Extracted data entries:

■ ■ ■ ■ ■ ■ ■

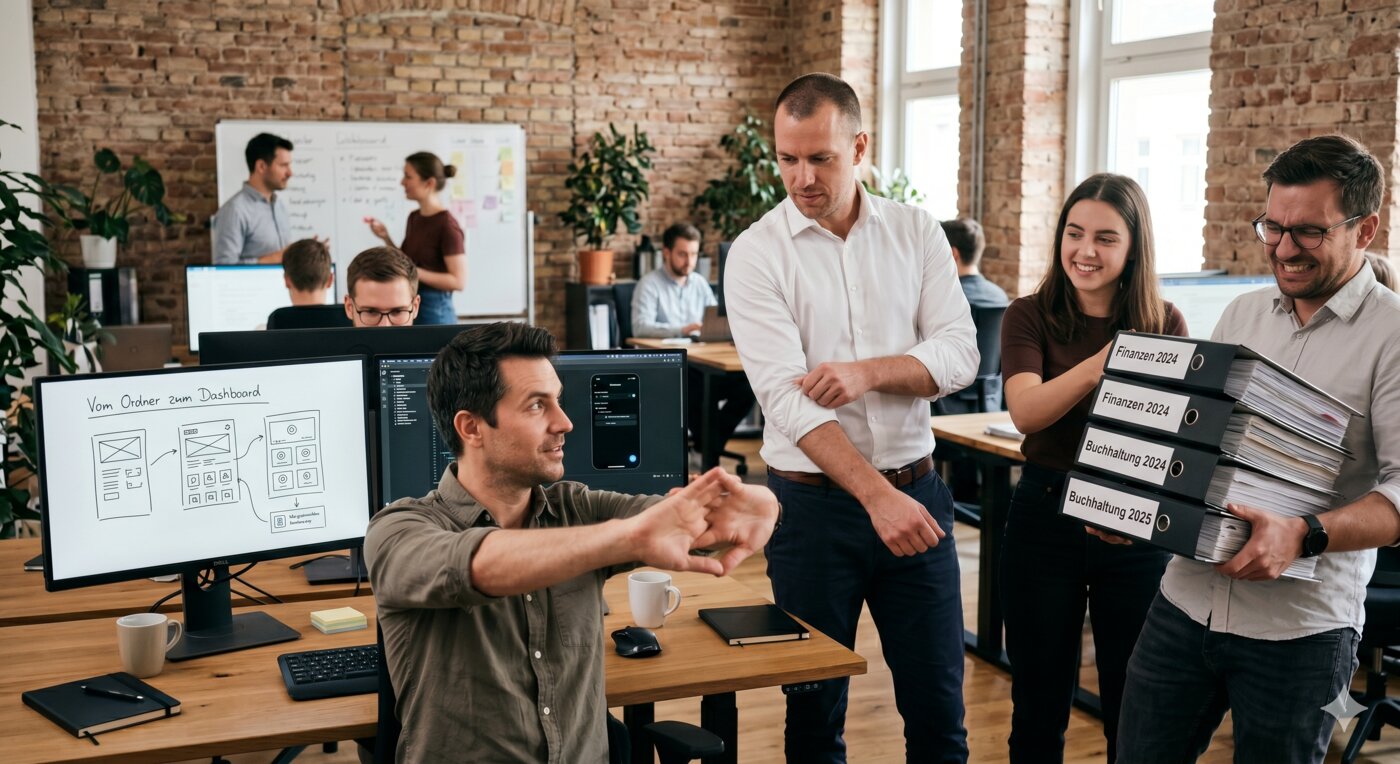 Vom Ordner zum Dashboard als Prototyp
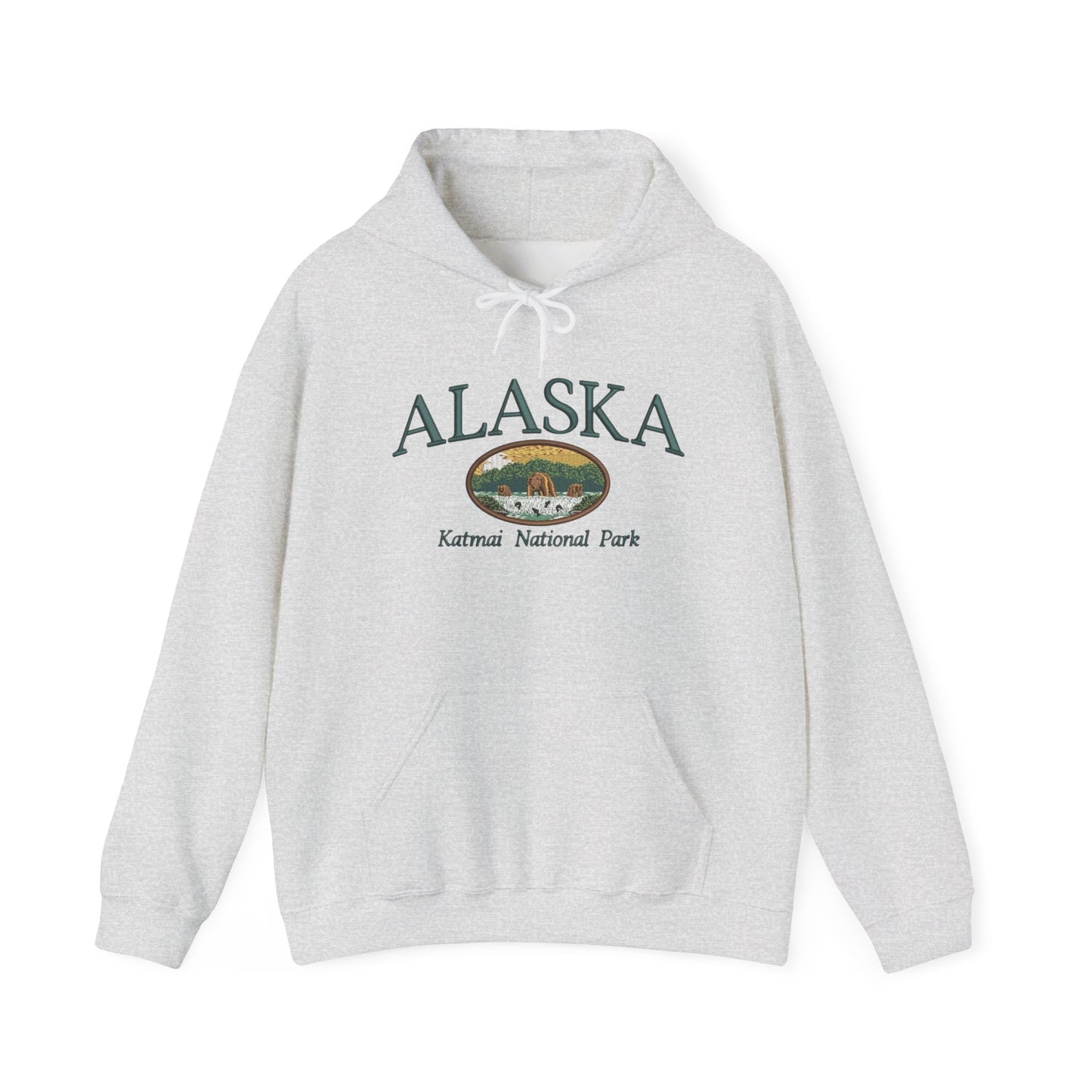 Alaska National Parks Graphic Hoodie Heavy Blend Sweatshirt NEW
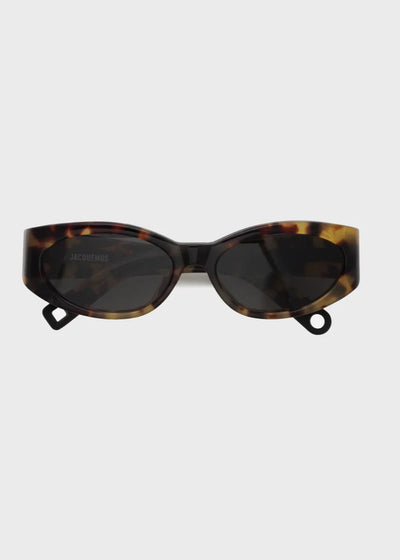 Jacquemus Ovalo Sunglasses Tortoise/Matte Black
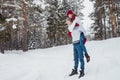 Love - Happy couple having fun smiling happy laughing together on romantic holidays. Young man giving piggyback ride to Royalty Free Stock Photo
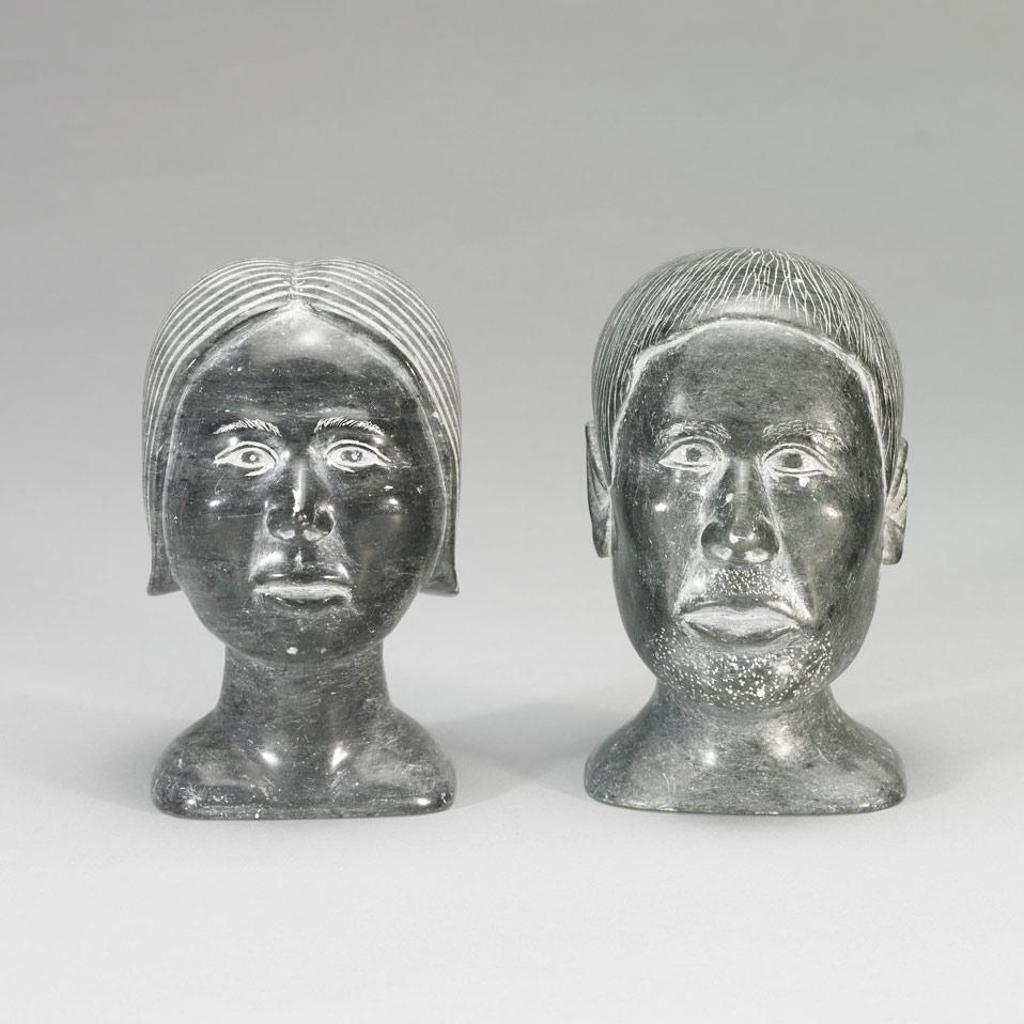 Alice Taipana (1922) - Two Busts Of An Inuk Man And Woman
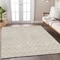 Homeroots 5' X 8' Beige And Ivory Geometric Washable Indoor Outdoor Area Rug 596076 - alternate 9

■ ■ ■ ■ ■ ■ ■

**Work request**.
Write out the records above exactly as they stand, leaving out every picture.

**Completed task**.
 Vom Ordner zum Dashboard als Prototyp
 Alaska National Parks Graphic Hoodie Heavy Blend Sweatshirt NEW
 Jacquemus Ovalo Sunglasses Tortoise/Matte Black
 Love - Happy couple having fun smiling happy laughing together on romantic holidays. Young man giving piggyback ride to Royalty Free Stock Photo
 Alice Taipana (1922) - Two Busts Of An Inuk Man And Woman
 Homeroots 5' X 8' Beige And Ivory Geometric Washable Indoor Outdoor Area Rug 596076 - alternate 9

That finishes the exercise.